Poszukiwania ekip lub firmy, która wykona prace, trzeba rozpocząć odpowiednio wcześniej, bo z lepszymi umawia się kilka miesięcy naprzód, albo w ogóle na przyszły rok. Większość polskich domów jest budowana systemem gospodarczym – inwestor sam znajduje i angażuje fachowców do poszczególnych robót: murarzy, cieśli, dekarzy itd. W wariancie wygodniejszym, z generalnym wykonawcą (zatrudnionym do całości prac, albo tylko do stanu surowego), to on odpowiada za organizację robót, najczęściej także za zaopatrzenie placu budowy w potrzebne materiały. W obu przypadkach doradzamy wybór wykonawców z polecenia, po obejrzeniu ich ostatnich dokonań. I podpisanie z nimi umowy, w której zostanie dokładnie opisany zakres prac, czas ich realizacji, harmonogram płatności – koniecznie powiązanych z postępem robót.
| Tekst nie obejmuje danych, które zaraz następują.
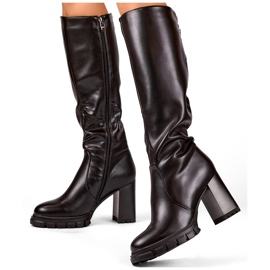 Black knee-high high-heeled boots, insulated women's boots with a heel, eco-leather 1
W międzyczasie do placu budowy trzeba dociągnąć prąd i zapewnić zaopatrzenie w wodę (z sieci lub studni). Przed zimą budynek doprowadza się do stanu surowego zamkniętego, ewentualnie w otwartym zabezpiecza otwory na okna i drzwi, zabijając je deskami albo osłaniając folią.
Dom murowany do stanu surowego stawia się kilkanaście tygodni, drewniany kilka, prefabrykowany powstaje w parę dni. Większość ważnych decyzji, dotyczących robót na tym etapie (jaki fundament, z czego ściany, jaki dach?) inwestor podjął wcześniej, podczas wybierania projektu. Teraz pozostaje mu doglądanie robotników i – jeśli im tego nie zlecił – dbanie, żeby na budowie niczego nie zbrakło.